Handball-Landesliga Frauen HSG Grüppenbühren/Bookholzberg startet mit Sieg

Von Simone Gallmann, Simone Gallmann | 04.09.2017, 20:22 Uhr

Die Handballerinnen der HSG Grüppenbühren/Bookholzberg haben die Landesliga-Saison 2017/2018 mit einem Heimsieg eröffnet. Sie bezwangen Vorwärts Nordhorn mit 27:25.

Den Handballerinnen der HSG Grüppenbühren/Bookholzberg ist der Start in die Saison 2017/2018 geglückt. Der Landesligist gewann sein Heimspiel gegen Vorwärts Nordhorn mit 27:25. Der TV Neerstedt musste dagegen eine knappe Auswärtsniederlage hinnehmen. Er unterlag der HSG Osnabrück mit 21:23.

 HSG Grüppenbühren/Bookholzberg - Vorwärts Nordhorn 27:25 (12:13). Das Team von HSG-Trainer Harald Logemann freute sich über einen Sieg über den Vizemeister der zurückliegenden Spielzeit.

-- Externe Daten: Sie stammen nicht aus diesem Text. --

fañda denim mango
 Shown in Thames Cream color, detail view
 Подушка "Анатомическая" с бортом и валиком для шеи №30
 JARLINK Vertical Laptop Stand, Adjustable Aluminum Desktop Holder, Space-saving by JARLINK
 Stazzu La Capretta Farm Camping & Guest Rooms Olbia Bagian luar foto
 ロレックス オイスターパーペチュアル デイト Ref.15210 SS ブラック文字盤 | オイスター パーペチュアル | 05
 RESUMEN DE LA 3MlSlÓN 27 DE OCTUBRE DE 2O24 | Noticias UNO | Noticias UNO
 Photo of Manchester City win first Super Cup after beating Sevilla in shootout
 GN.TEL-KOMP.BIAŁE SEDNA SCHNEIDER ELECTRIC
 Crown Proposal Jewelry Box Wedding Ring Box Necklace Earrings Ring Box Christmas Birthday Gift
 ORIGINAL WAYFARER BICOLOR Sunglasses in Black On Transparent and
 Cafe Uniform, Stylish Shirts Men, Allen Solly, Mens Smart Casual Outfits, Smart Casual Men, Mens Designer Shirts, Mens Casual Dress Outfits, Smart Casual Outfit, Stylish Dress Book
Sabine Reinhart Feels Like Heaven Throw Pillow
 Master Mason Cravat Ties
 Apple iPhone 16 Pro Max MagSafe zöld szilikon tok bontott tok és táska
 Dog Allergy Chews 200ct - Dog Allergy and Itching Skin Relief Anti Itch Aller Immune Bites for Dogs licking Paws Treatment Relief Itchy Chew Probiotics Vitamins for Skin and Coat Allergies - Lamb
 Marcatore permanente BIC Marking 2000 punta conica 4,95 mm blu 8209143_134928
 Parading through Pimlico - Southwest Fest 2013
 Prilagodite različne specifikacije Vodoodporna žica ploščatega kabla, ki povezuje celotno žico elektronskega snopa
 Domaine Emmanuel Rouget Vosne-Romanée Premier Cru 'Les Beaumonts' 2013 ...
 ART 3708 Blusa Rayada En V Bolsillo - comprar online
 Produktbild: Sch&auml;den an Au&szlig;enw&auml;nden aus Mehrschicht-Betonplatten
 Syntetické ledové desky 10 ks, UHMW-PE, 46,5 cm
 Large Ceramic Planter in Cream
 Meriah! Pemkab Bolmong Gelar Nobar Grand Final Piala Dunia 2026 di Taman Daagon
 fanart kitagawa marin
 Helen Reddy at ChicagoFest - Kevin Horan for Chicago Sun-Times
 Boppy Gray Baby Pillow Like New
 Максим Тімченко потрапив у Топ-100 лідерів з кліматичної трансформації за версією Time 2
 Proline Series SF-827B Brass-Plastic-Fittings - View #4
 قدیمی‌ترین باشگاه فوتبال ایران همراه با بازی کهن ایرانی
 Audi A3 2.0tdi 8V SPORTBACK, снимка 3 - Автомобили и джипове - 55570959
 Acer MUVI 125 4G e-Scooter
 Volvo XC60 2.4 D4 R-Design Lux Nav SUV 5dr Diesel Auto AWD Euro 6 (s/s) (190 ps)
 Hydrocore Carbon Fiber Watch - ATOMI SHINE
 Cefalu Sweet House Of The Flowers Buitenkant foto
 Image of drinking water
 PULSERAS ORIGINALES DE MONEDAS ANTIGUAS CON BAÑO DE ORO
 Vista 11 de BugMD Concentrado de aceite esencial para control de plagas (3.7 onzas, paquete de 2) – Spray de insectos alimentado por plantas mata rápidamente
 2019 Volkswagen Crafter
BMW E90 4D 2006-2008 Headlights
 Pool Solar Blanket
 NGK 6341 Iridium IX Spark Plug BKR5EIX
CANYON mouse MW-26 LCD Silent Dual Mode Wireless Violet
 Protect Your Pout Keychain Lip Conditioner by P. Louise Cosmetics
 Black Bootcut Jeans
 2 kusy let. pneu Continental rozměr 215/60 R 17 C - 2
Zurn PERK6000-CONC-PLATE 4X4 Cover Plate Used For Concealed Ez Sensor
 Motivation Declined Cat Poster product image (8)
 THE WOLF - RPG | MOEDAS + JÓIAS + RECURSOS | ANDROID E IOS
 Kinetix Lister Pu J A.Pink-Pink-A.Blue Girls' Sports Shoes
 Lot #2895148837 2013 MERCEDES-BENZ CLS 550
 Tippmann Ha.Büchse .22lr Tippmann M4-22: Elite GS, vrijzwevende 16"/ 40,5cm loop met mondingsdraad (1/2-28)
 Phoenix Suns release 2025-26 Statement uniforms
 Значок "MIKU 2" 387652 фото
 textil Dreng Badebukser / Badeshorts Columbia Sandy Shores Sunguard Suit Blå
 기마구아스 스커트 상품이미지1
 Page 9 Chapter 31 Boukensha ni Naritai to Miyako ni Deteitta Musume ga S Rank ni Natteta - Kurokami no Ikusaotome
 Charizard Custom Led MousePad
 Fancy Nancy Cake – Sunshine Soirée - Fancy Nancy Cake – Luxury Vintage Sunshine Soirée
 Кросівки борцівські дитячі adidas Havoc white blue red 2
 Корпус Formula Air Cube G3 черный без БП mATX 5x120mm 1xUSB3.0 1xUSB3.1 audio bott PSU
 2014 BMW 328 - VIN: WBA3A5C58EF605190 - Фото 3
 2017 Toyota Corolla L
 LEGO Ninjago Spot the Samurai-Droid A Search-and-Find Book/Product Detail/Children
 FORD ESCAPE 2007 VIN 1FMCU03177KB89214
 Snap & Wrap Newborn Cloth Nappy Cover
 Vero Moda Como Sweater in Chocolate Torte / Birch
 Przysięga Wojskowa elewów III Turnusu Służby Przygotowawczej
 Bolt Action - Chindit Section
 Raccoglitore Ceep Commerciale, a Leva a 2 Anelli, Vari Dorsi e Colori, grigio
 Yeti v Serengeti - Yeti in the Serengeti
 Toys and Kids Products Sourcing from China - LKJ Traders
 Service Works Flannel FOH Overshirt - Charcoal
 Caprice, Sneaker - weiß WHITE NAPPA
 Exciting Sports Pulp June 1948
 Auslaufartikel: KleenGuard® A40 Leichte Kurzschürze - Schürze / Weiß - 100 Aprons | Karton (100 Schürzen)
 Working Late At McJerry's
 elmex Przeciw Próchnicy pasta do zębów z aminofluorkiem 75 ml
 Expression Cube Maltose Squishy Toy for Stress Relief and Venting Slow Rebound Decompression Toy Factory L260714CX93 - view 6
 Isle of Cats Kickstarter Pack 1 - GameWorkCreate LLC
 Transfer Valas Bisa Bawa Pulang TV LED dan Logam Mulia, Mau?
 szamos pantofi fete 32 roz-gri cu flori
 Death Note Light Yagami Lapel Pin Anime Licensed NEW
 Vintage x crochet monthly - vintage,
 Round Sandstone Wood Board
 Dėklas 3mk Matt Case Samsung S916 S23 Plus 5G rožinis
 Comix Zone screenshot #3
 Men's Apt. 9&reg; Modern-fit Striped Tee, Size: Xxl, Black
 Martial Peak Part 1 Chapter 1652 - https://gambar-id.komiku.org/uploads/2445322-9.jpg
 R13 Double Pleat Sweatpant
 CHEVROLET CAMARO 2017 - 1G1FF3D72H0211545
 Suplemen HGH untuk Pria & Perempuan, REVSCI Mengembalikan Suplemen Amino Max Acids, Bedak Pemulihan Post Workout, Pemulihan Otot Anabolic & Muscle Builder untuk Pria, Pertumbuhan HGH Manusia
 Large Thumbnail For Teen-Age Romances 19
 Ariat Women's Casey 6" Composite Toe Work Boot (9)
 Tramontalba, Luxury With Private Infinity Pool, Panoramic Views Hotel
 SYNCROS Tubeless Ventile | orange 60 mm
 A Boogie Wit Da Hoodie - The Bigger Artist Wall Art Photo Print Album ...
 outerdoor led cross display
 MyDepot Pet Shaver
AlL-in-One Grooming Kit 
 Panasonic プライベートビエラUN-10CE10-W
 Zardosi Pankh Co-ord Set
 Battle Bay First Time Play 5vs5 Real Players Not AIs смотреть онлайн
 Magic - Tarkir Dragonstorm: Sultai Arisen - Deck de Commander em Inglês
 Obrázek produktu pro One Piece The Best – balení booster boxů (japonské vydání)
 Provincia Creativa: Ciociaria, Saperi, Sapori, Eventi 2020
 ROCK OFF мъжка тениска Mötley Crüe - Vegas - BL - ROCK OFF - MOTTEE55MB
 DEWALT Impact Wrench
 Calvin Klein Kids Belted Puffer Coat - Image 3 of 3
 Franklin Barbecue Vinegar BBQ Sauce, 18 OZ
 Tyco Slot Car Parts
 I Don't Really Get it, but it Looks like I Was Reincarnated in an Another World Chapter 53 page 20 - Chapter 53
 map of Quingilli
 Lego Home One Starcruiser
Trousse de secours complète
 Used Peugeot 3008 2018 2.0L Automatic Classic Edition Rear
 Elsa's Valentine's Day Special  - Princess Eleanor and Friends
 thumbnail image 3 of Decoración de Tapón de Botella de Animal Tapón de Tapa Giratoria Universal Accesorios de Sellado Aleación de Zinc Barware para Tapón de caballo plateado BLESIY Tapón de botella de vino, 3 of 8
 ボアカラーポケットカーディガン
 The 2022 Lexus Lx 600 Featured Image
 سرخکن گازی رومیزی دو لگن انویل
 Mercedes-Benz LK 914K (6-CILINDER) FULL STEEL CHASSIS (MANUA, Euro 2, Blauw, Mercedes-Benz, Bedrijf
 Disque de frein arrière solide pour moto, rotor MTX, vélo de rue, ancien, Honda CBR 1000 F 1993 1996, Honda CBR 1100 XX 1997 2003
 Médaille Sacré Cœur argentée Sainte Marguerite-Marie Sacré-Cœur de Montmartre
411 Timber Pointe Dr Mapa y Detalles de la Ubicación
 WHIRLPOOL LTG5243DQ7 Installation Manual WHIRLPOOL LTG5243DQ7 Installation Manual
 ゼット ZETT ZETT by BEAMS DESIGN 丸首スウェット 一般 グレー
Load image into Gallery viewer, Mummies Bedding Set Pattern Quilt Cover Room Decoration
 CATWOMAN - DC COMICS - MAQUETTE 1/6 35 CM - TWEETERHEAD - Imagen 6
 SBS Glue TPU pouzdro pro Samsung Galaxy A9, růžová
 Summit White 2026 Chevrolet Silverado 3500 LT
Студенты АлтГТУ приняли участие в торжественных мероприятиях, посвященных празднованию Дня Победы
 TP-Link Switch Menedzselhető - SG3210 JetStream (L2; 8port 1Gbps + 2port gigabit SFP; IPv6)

Der Coach sah sich gezwungen, sein Team bereits in der neunten Minute zusammenzurufen, da aus einem 2:2 ein 4:8-Rückstand geworden war. Logemann fand die richtigen Worte, seine Spielerinnen kamen in Schwung. Sie verkürzten bis auf 8:9 (18.) und ließen sich bis zur Pause (12:13) nicht mehr abschütteln. Zu Beginn der zweiten Halbzeit stotterte der HSG-Motor noch einmal kurz (14:17, 39.), erreichte dann aber die höchste Drehzahl. Grüppenbühren/Bookholzberg erzielte vier Tore in Folge: 18:17 (42.). Die letzten 20 Minuten waren nichts für schwache Nerven. Die Führung wechselte ständig, die HSG vergab zwei Strafwürfe. Sie behielt aber die Ruhe – und wurde belohnt. Jahn Folkerts traf 54 Sekunden vor Schluss zum 27:25. Logemann war „sehr zufrieden, vor allem mit der kämpferischen Leistung“.

 HSG Osnabrück – TV Neerstedt 23:21 (10:10). Die Gäste erwischten einen guten Start, lagen bis zur 15. Minute vorn. Doch dann kamen die Gastgeberinnen immer besser ins Spiel. Sie erzielten in der 24. Minute das 8:8. Mit einem Remis ging es auch in die Pause (10:10). Im zweiten Durchgang gab es einen offenen Schlagabtausch. In der 50. Minute ging der TVN mit 19:17 in Führung, konnte diese in Unterzahl aber nicht behaupten. In der Schlussphase war Osnabrück das clevere Team. Es nutzte die Fehler des TVN, um sich mit dem 22:20 (57.) den entscheidenden Vorsprung herauszuwerfen.